[EM] Multiple Winners, Multiple Offices, and Proportional Approval Voting

Kevin Venzke stepjak at yahoo.fr
Wed Apr 30 19:18:02 PDT 2003


 --- Alex Small <asmall at physics.ucsb.edu> a écrit : 
> Imagine an election which selects 2 winners, but one of the winners will
> have more power than the other.  The candidate who performs best according
> to our election method becomes chief executive.  The runner-up goes to the
> legislature to act as the leader of the "Faithful Opposition".  You might
> envision this as a unique type of "check and balance" on the power of the
> executive.  Originally, the US Constitution did something like this:  The
> VP was whoever came in #2 in the electoral vote, rather than the
> running-mate of #1.

> 
> I'm not sure about how to modify Condorcet or other methods.  Any thoughts?
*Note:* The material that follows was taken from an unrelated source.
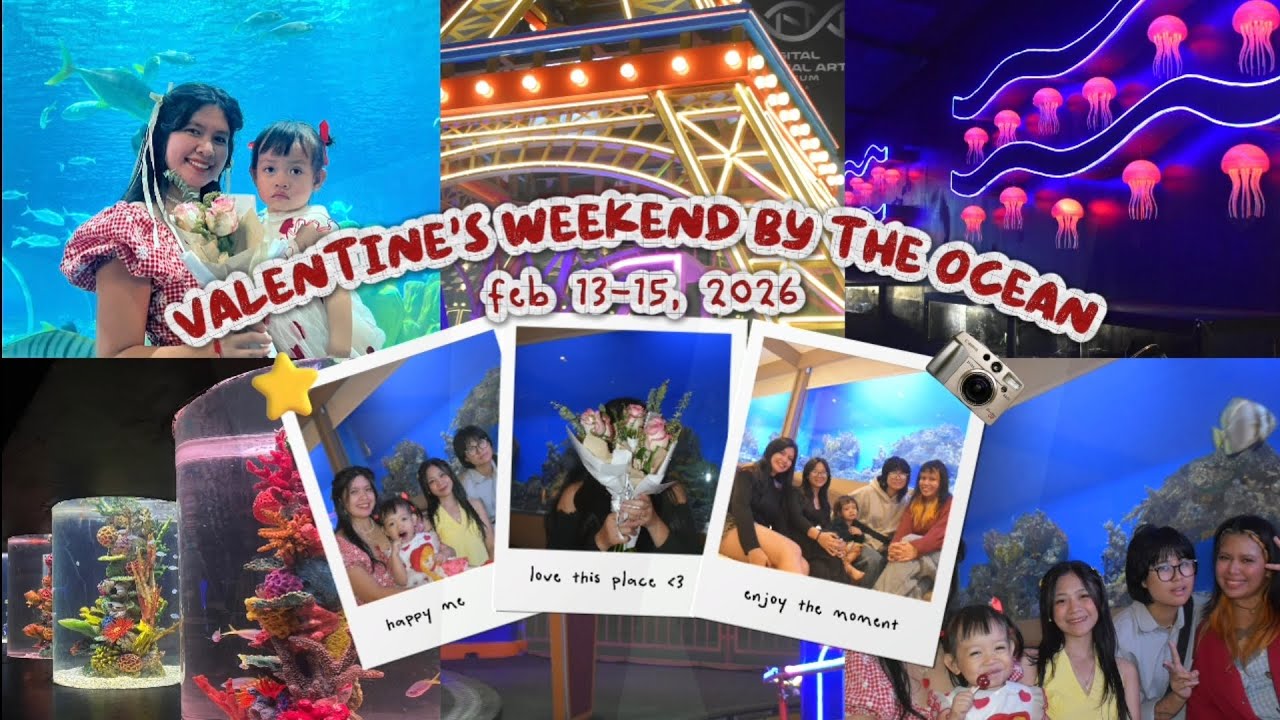 Valentine’s Staycation in Manila 🌊💙 | Hotel H2O & Manila Ocean Park Adventure (Feb 13-15, 2026)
For exactly two winners, with one specifically being the "opposition," how
about if you elect the "first" winner per a Condorcet method, and elect as the
"opposition" winner that candidate against whom the "first" candidate fared
the poorest?  That is, that candidate who received the most votes going
head-to-head with the CW.

I think that makes intuitive sense, but I'd have concerns about the scenario
where the first winner is a centrist candidate with broad support, while the
"opposition" winner is off-center with only around 25% support, let's say.
In that case, and perhaps in most cases, I'd prefer that the "opposition" be
the candidate who would've won had the winner not run.  Perhaps the method
could require that route if the primary winner beats all by a landslide.